In the demo project an example is given on how to filter out pages which have a certain component (drag n drop) with a certain property.
In the component configuration section you can tweak the hstsitemap builder
org.onehippo.forge.sitemapv2.builder.DefaultDocumentSitemapEntriesBuilder
This is the builder which will create sitemap entries in the sitemap.xml based on documents which have a canonical link to particular pages (relative content path or through drag n drop components).
In the demo project an example is give on how to filter out documents which have a particular property on the document (myproject:noindex boolean property)
In the component configuration section you can tweak the document builder accordingly
Below there is guideline written on how to configure the sitemapv2 plugin based on the amount of pages (sitemap items which have a reference to a valid component configuration id, inside and outside of the workspace) and the amount of documents (which are used in a relative content path context).
Every T-Shirt sized website will have a matrix with the following:
- amount of pages
- amount of documents
And each will have the appropriate approach based on the number of pages and amount of documents.
Please note that the channel manager starts to work slow after approximately 400 landing pages within the workspace.
Amount of Pages | Amount of Documents |
---|---|
1-100 | 1-200 |
Approach:
- Use a single "sitemap.xml" sitemap item
- Use the
org.onehippo.forge.sitemapv2.components.DefaultSitemapFeed
as the component class for rendering the results.
As supplied ootb with plugin installed.
Amount of Pages | Amount of Documents |
---|---|
50-200 | 200-1000 |
Approach:
- Use a single
sitemap.xml
sitemap item - Configure the sitemap.xml sitemap item with the
hst:componentconfigurationid
set to
hst:components/forge-sitemapv2-default-feed-cached
- Set the query-limit property to 1000 on the component (default is 200)
Amount of Pages | Amount of Documents |
---|---|
100-400 | 500-10.000 |
Approach:
Use the sitemap index sitemap item.
- Remove the
sitemap.xml
sitemap item (unusable because of the limit set in the component) - Inspect the
sitemap-index.xml
sitemap item- configure if necessary
sitemap-document-_default_.xml
(used for pagination of all document URLs)- default limit, 200, should work fine (approx 50 entries for 10.000 documents)
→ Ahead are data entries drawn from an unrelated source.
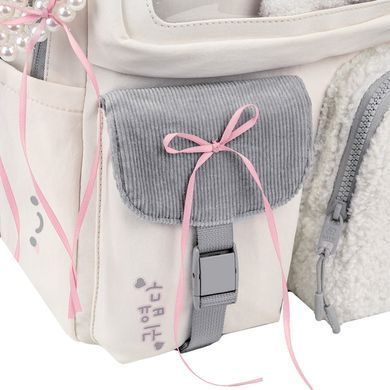 Рюкзак Kite школьный мод 2578 Education teens Iconic K26-2587M-1 42*29*17см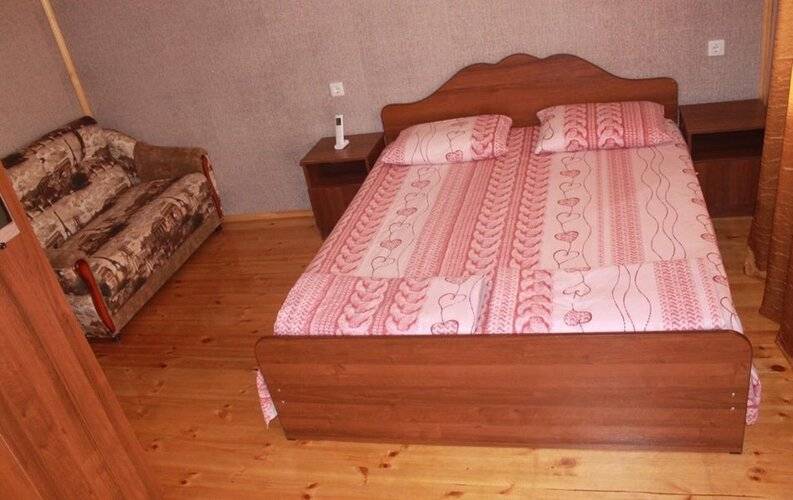 Гостевой Дом Сияние Солнца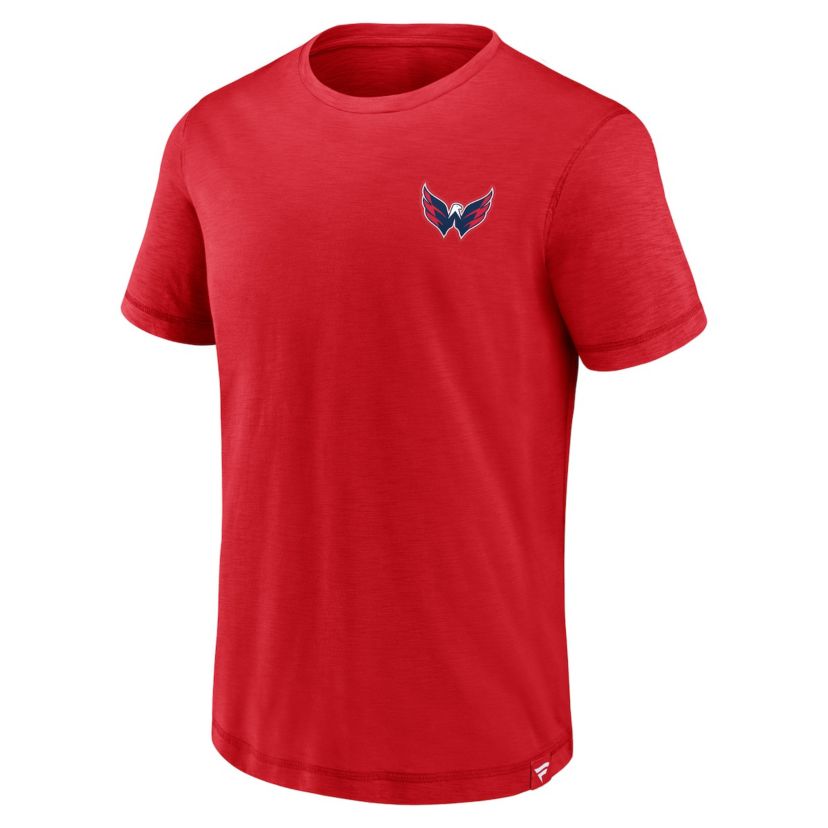 NHL Fanatics Washington Capitals High Stick T-Shirt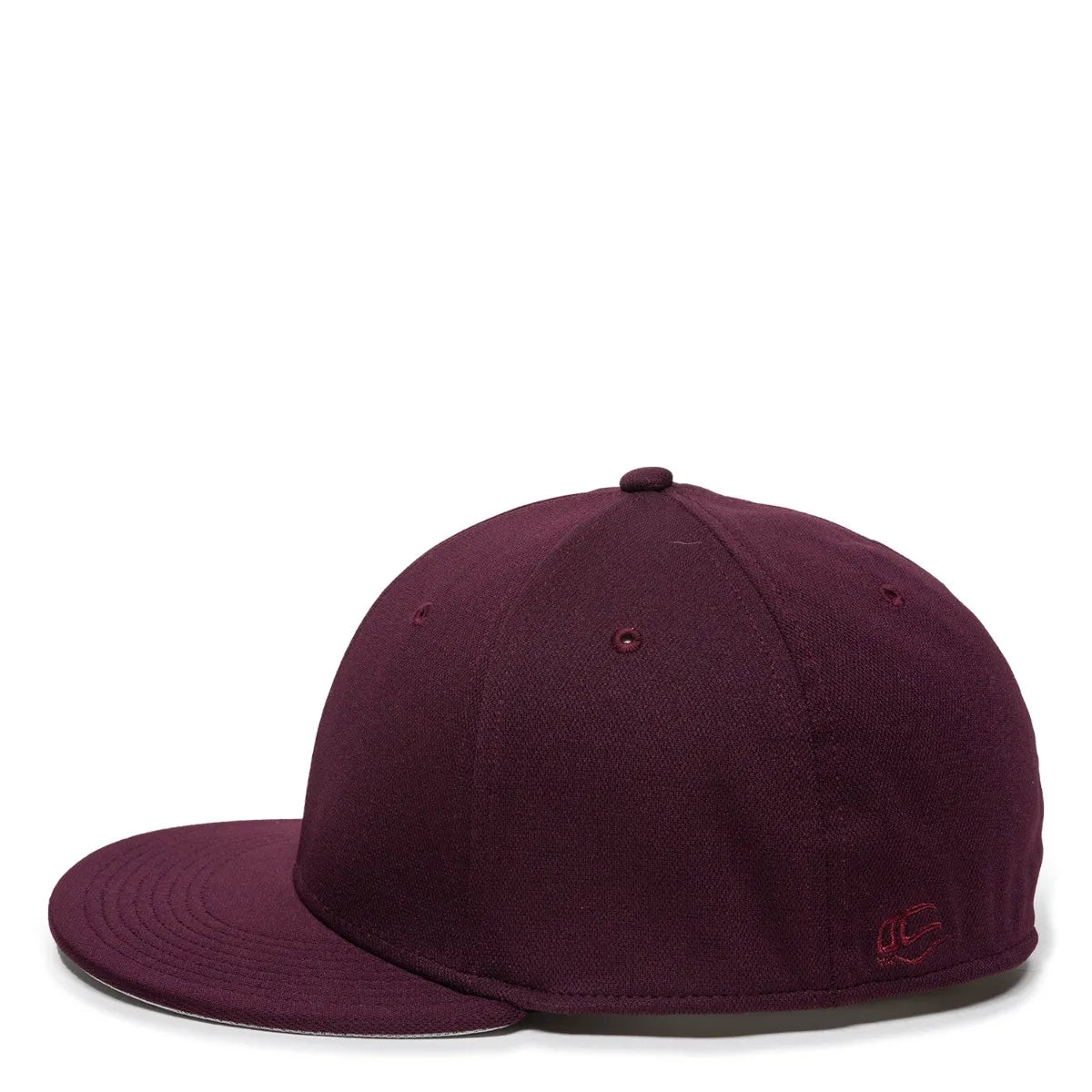 Outdoor Cap TGS1930X Pro Mid Crown Structured Solid Back Hat Unisex Accessories Hats & Caps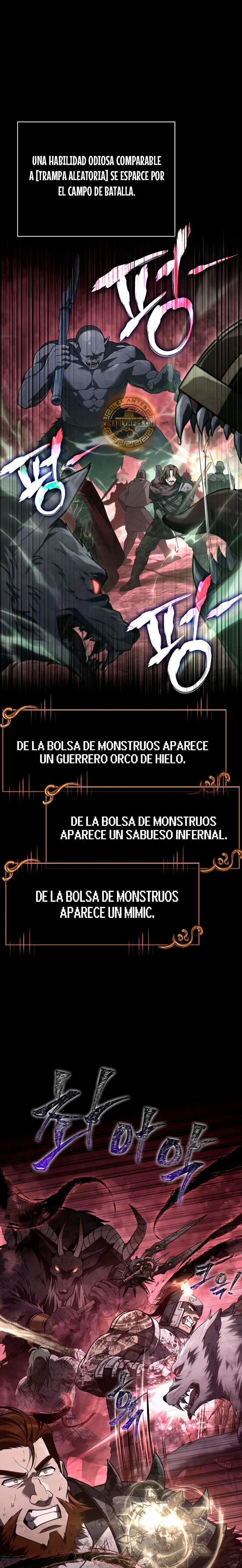 Sobreviviendo al Juego Siendo un Barbaro (Bjorn el bárbaro) - Capítulo 146 - Página 23 - LectorTMOo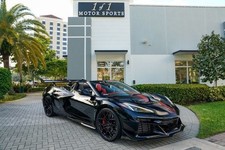 2026 Chevrolet Corvette 2dr ZR1 Convertible w/3LZ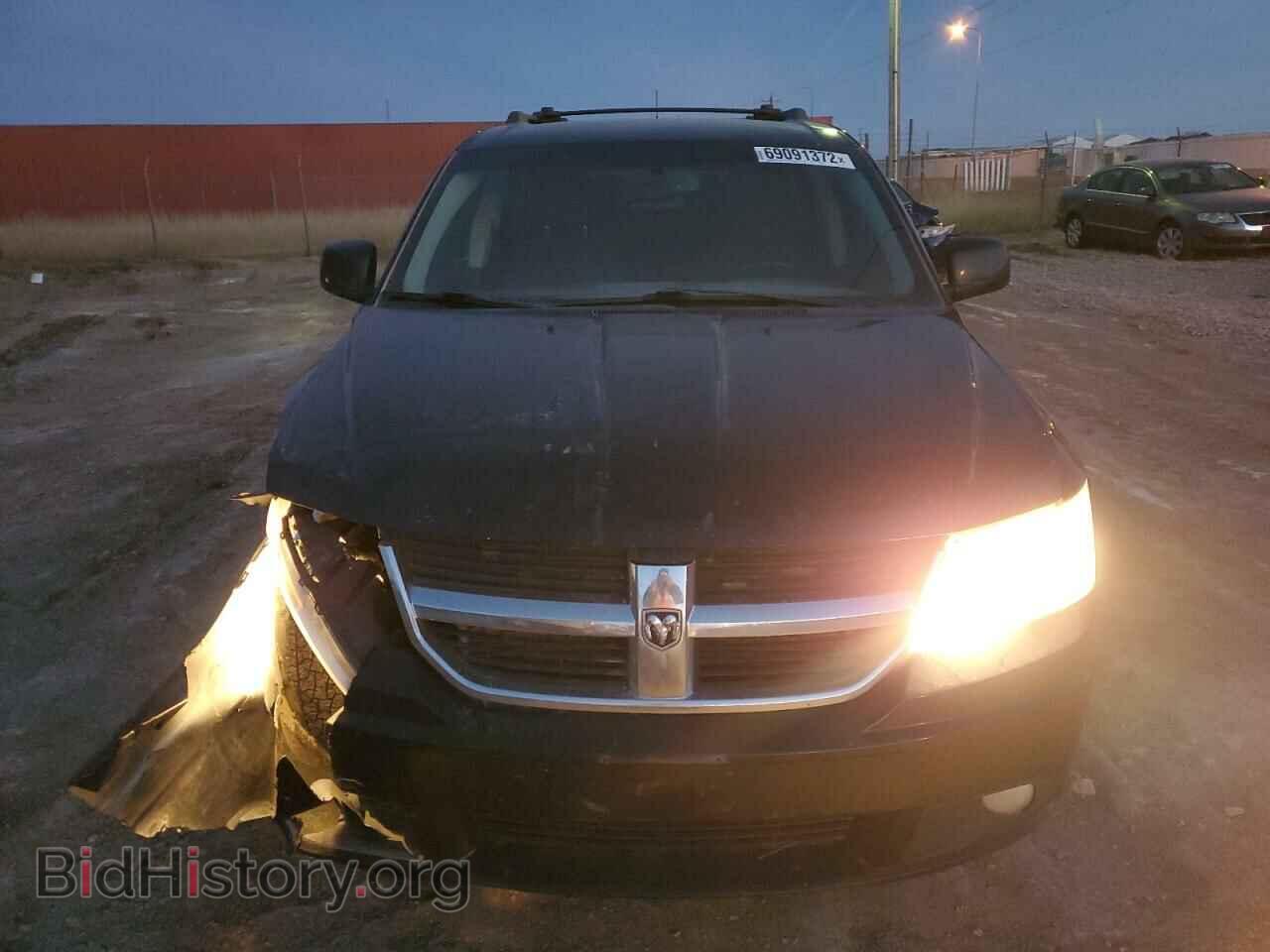 2010 DODGE JOURNEY - VIN: 3D4PH5FVXAT162846 - Фото 5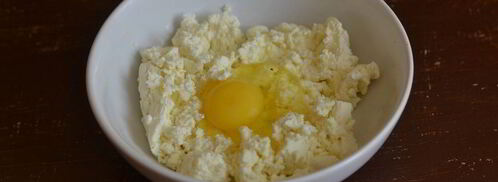 сырники в мультиварке. Шаг 2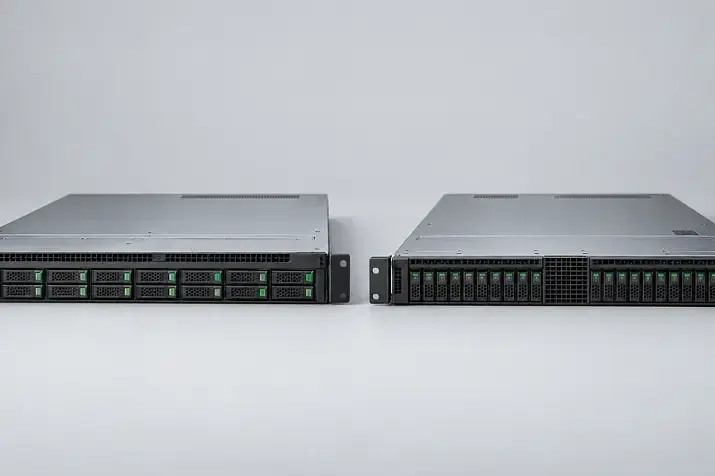 HPE ProLiant DL365: обзор поколений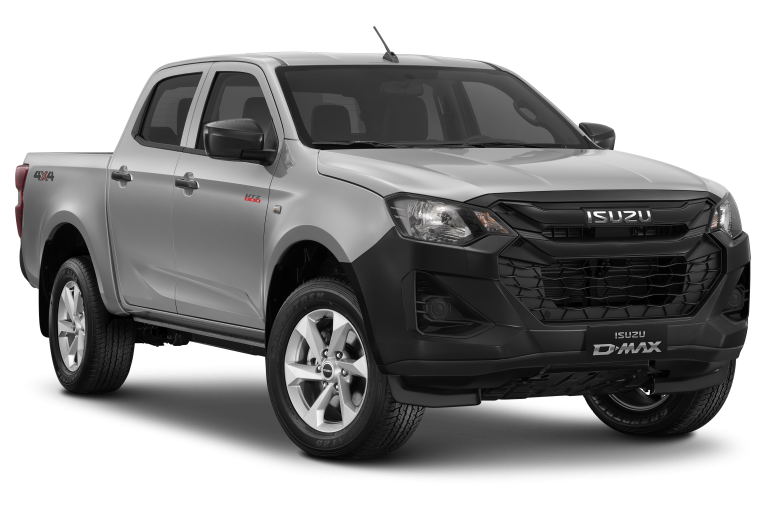 ISUZU DMAX UTZ 1.9L 4x4 MT - UTZ 800 - 2 cầu số sàn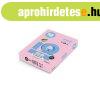 M�sol�pap�r, sz�nes, A4, 80g. IQ OPI74 500�v/csomag, pasztel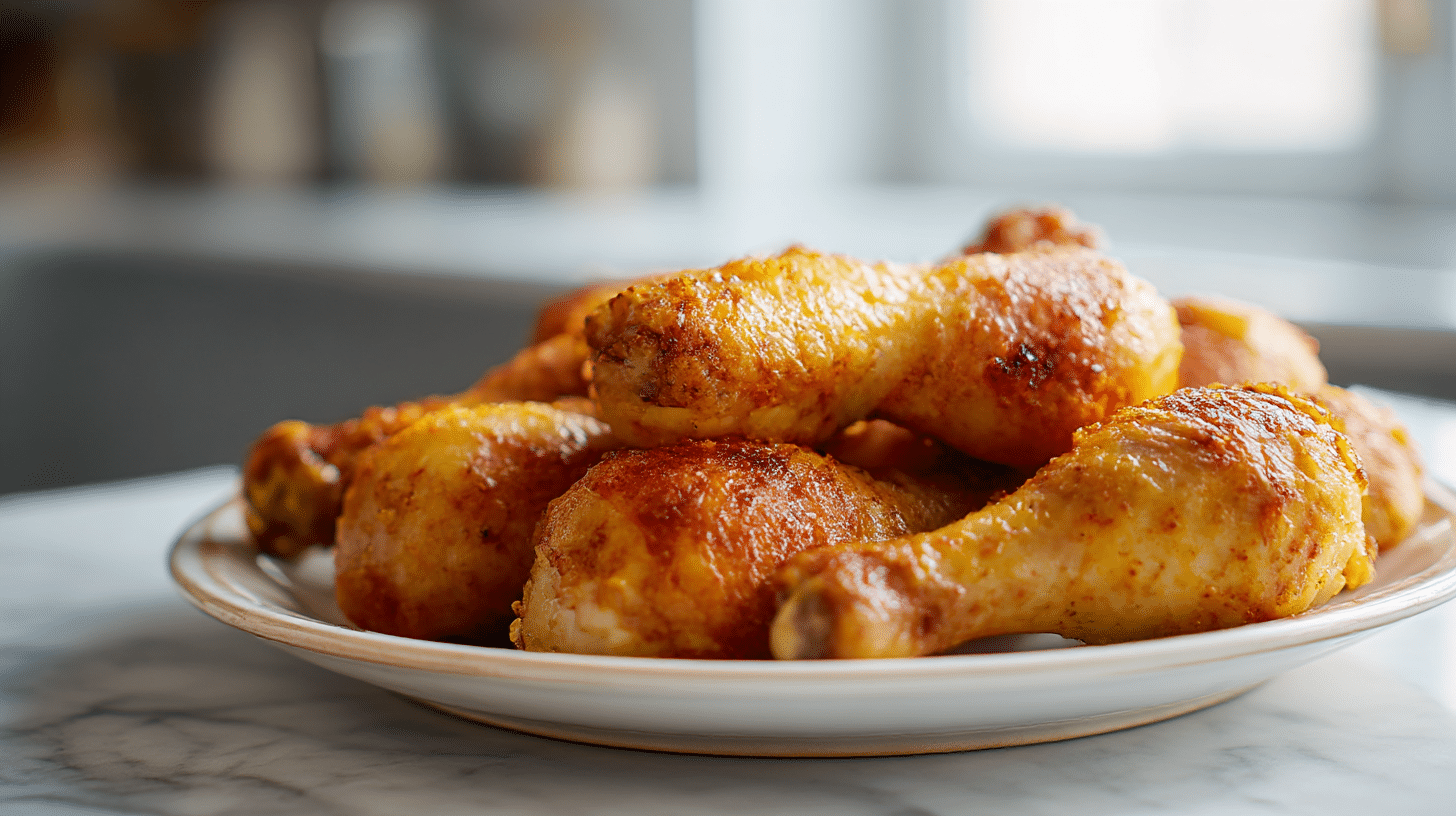 udka z airfryera na grillu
- apply query parameters if necessary
- configure if necessary
sitemap-pages.xml
(used for pages)
- configure if necessary
Amount of Pages | Amount of Documents |
---|---|
200-1000 | 1000-50.000 |
Use the sitemap index sitemap item.
- Remove the
sitemap.xml
sitemap item (unusable because of the limit set in the component) - Inspect the
sitemap-index.xml
sitemap item- configure if necessary
sitemap-document-_default_.xml
(used for pagination of all document URLs)- Update the limit
- Apply query parameters if necessary
- Enable caching if necessary
- configure if necessary
sitemap-pages.xml
(used for pages)
- configure if necessary
Amount of Pages | Amount of Documents |
---|---|
500-1500 | 50.000-1.000.000 |
Use the sitemap index sitemap item.
- Remove the
sitemap.xml
sitemap item (unusable because of the limit set in the component) - Inspect the
sitemap-index.xml
sitemap item- configure if necessary
sitemap-document-_default_.xml
(used for pagination of all document URLs)- Update the limit
- Apply query parameters if necessary
- Enable caching if necessary
- configure if necessary
sitemap-pages.xml
(used for pages)
- configure if necessary
The component which are set on the hst:componentconfigurationid
of the sitemap.xml sitemap items have several available component properties available. Documentation also available: org.onehippo.forge.sitemapv2.info.DefaultSitemapFeedInfo
Any feed extending org.onehippo.forge.sitemapv2.components.helper.AbstractSitemapFeed
will have the following properties available:
Property | Use | Default |
---|---|---|
query-scopes (since v2.0.1) | define comma separated list of paths relative to site root content path for query scope | site root content path eg. content/documents/myproject |
query-exclude-scopes (since v2.0.1) | define comma separated list of paths relative to site content path to be excluded from query scope | |
query-limit | set a limit on the document feed query, maximum value is 1000 | 200 |
query-offset | set an offset on the document feed query. | 0 |
query-ofTypes | filter query where subtypes are included. | |
query-primaryTypes | filter query where specific primary types are included, but subtypes are not included | |
query-notPrimaryTypes | filter query where specific primary types are not included | |
query-customJcrExpression | append filter query to query-scopes by adding specific jcr expression. Note: be careful that the query is not intensive on the repository | |
query-sortOrder | Order on how to sort the query | Descending |
query-sortField | Field on how to sort the query | |
url-changeFrequency | URL priority in the sitemap feed i.e. 0.1, 0.2 ... 0.9 and 1.0 | |
url-changeFrequency | URL frequency in the sitemap feed i.e. ALWAYS, HOURLY, DAILY, WEEKLY, MONTHLY, YEARLY, NEVER | |
cache-enabled | Enable caching (2nd level) | false |
cache-maxSize | Specifies the maximum number of entries the cache may contain. Increase if there are more endpoints and more channels | 1 |
cache-expireAfterAccessDuration | Specifies that each entry should be automatically removed from the cache once a fixed duration has elapsed after the entry's creation, the most recent replacement of its value, or its last access. | 1 |
cache-expireAfterAccessTimeUnit | i.e. SECONDS, MINUTES, DAYS, MONTHS.. (See java.util.concurrent.TimeUnit) | DAYS |
note: All properties prefixed with "query-" are applicable for the document builder. All other properties all applicable for the document builder and the HstSitemap builder
If required to develop a page in which the sitemap is represented in a structural way preserving hierarchy
you can configure a component similar to the below. The component supports the same properties from the section Component Configuration above.
/sitemap:
jcr:primaryType: hst:component
hst:componentclassname: org.onehippo.forge.sitemapv2.components.StructuredDocumentFeed
hst:template: sitemap-structure
hst:parameternames: [query-scopes]
hst:parametervalues: ['content, news/banner']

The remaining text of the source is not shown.